Sunday, 23 December 2012

luang prabhang

     The ancient city of Luang Prabhang is set on a misty, mystical, promontory surrounded on three sides by deep river valleys, then in turn by range after range of pale mountains rising to ever greater heights.  The whole landscape is suffused with wood smoke and a feeling of peace, calm and dare I say spirituality.  This is helped by the monks who are all over town, on mysterious missions.  Old monks and young monks, some maybe only 7 years old, in their orange robes or yellow robes – each wat has its own subtly different design – walk calmly on the roads with their forage bags over their shoulders.
     The town, a world heritage site, has been for the most part carefully managed, and has many small French colonial buildings, and new buildings are very much in the style of – verandahed and tile roofed and white painted, never more than two storeys – so that the wats still dominate the view.  It does still have the feel of a real town, with chickens running everywhere, cocks crowing, rice and chillis drying in big wicker bowls in the sun, though inevitable tourism is taking over.  In only two years since my last visit there seem to be more and larger hotels in the centre.  Once it was almost entirely very small family run businesses – a few rooms above a shop house.   
     We stay in a small Australian owned hotel, which is mostly new built (although our huge and stylish room is part of an older house incorporated into the rest).  It’s built round a small courtyard, shaded with big-leaved shrubs and bushes.  Great for breakfasts and afternoon cooling drinks.  The staff are very pleasant and eager to chat, working on their conversational English.  Almost all of them are studying part time, English or hotel management.

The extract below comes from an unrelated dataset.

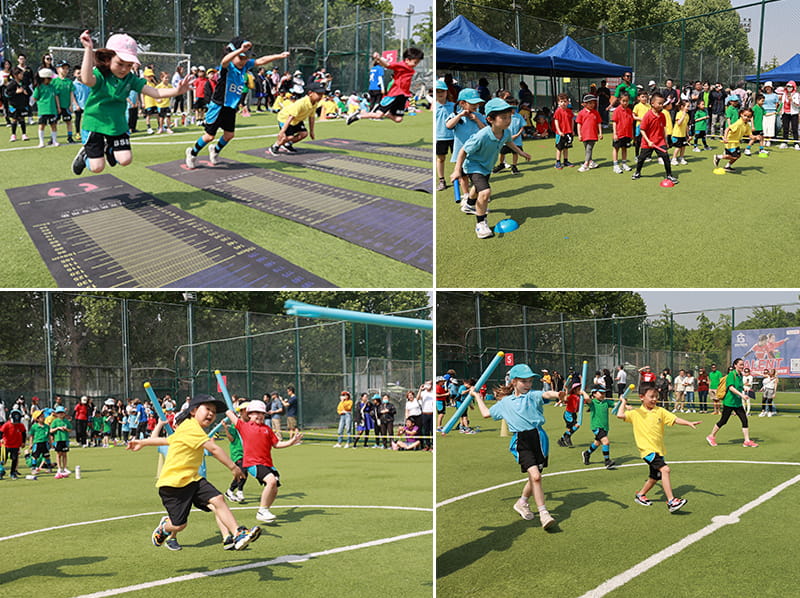 Primary Sports Days at Si De Park | BSB Sanlitun - Primary Sports Days at Si De Park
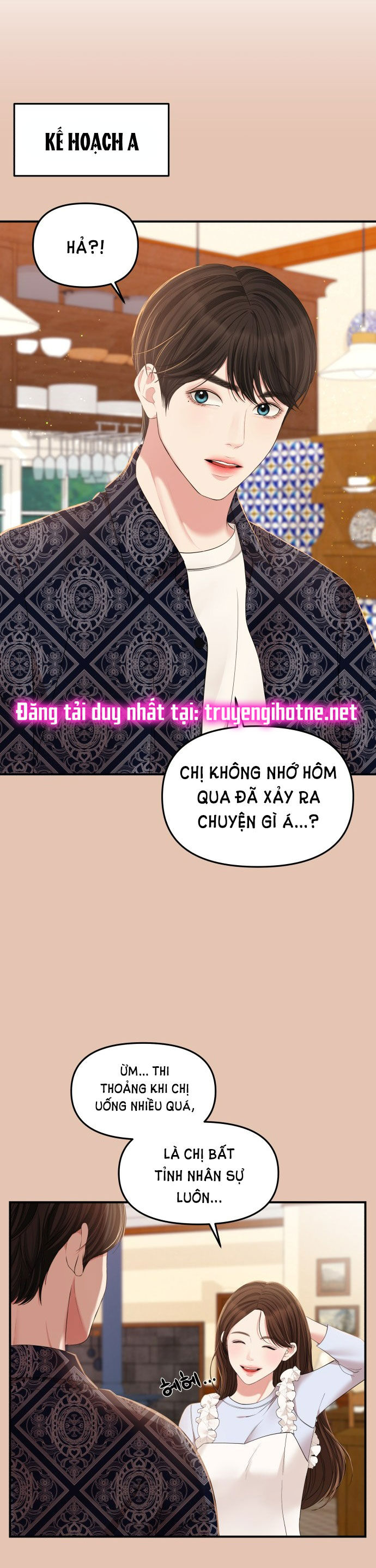 gửi em người đánh cắp những vì sao - to you who swallowed a star chapter 85.2 3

     In the evenings, the sun sets over the Mekong, sometimes spectacularly, as the tourists sip their cocktails at the improvised little open air bars.  The dark descends and there is an almost reverential hush around the town, even in the tourist streets.  The lights are dim, the stars shine out clear in the black sky.

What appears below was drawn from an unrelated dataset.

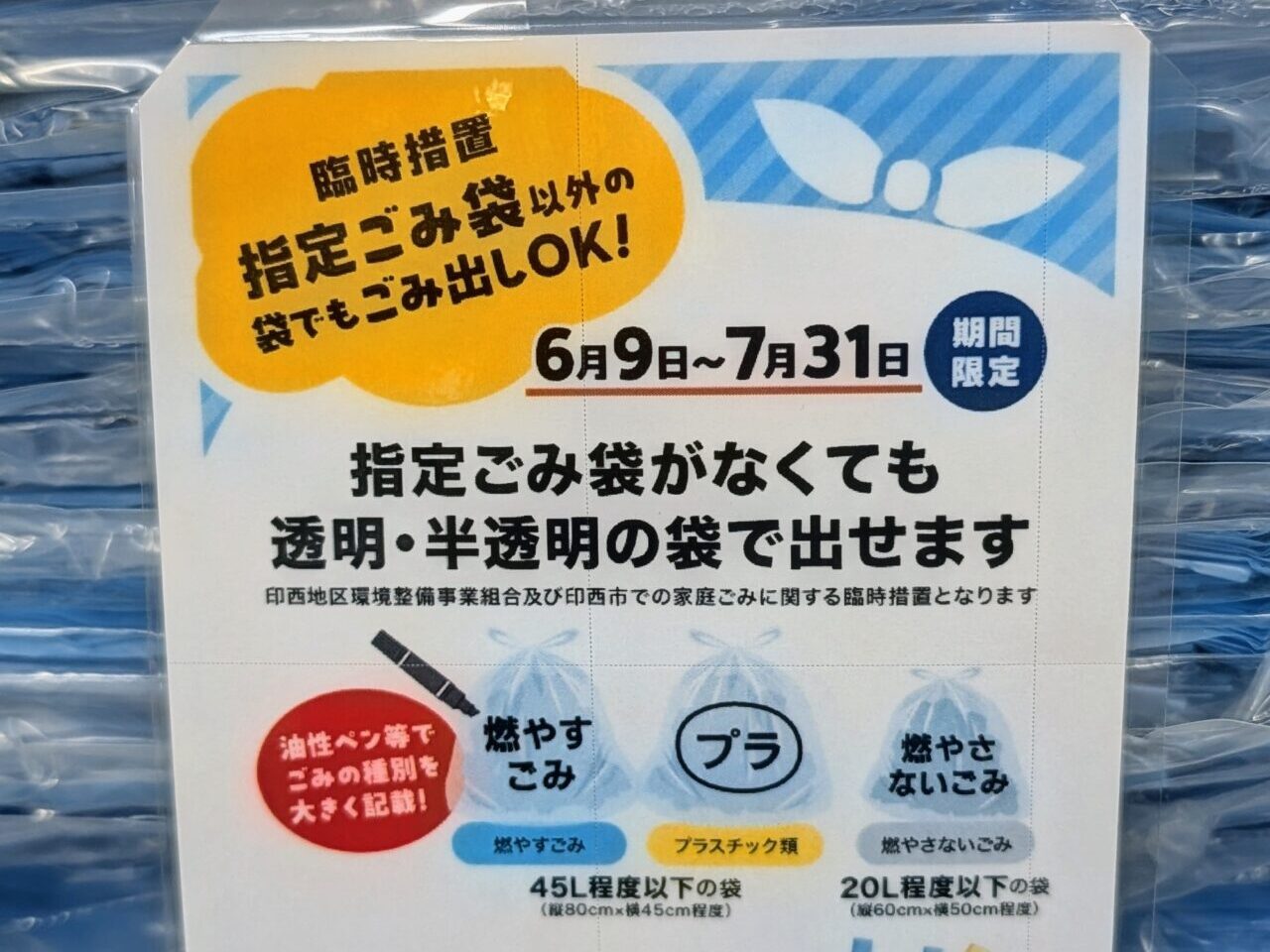 印西ゴミ袋2026年6月_貼り紙３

     4am and there is a distant rhythmic drumming. The monks at the nearby wat are being roused: still pitch dark outside. 
     4.30am: a cock crows.   
     5.00am: sounds of pots and pans being briefly banged together.  It’s time for the daily food giving.  I peep out of the shutters.  The old ladies from the houses opposite are kneeling beside the road, in their traditional Lao long skirts, with bowls of sticky rice, and the procession begins.  Groups of monks from each wat pass them in single file, and into the metal bowl carried by each, the ladies place a handful of sticky rice.   
     Each group, in their bright orange robes is led by a senior monk, but most of the rest are juvenile with seemingly the youngest at the rear.  The robes are slightly different to mark out each wat: about 10 or 12 from each wat.  All done in complete silence in the grey predawn light.  There are lots of wats and the process lasts some minutes: then suddenly it is over and the ladies are packing up for another day.  Back to bed for me and perhaps a little peace until breakfast time.

     Is there a danger of a place like this becoming a victim of its own success?  The peaceful little dawn ceremony is nowadays punctuated by camera clicks and flashes.  More of the real inhabitants are pushed out by newer, bigger hotels.  The guidebooks tell you to do this at this time, that at another time.  As a result these particular experiences become overcrowded and the wonder is lost.   
     The eternal travellers’ dilemma: am I destroying the thing I came to see?   
     At sunset, the guides advise a trip to the temple at the top of Phou Si, the steep hill in the centre of the peninsula.  So everyone troops up there.  At the top is an important religious site, That Chomsi, but the tourists are oblivious; they turn up in their singlets and bikini tops, they talk loudly and take endless pictures of each other for facebook, they chat about where the cheapest place to get drunk is; and all the while in the background the sun sets sedately behind line after line of smoky mountains fading into distance.  The sun sets and instantly the tour guides raise their flags and the larger parties are off.  We stay behind to see what is in fact the best bit, as the sun’s final rays highlight each layer of cloud, higher and higher through orange, red and then finally to grey.  The sky continues to glow long after, as the few lights in the landscape flick on, the barbecue fires send up their offerings, the stars start to emerge in the rapidly dimming sky, the air becomes still and distinctively cooler.  This could have been a spiritual experience, but almost everyone misses it.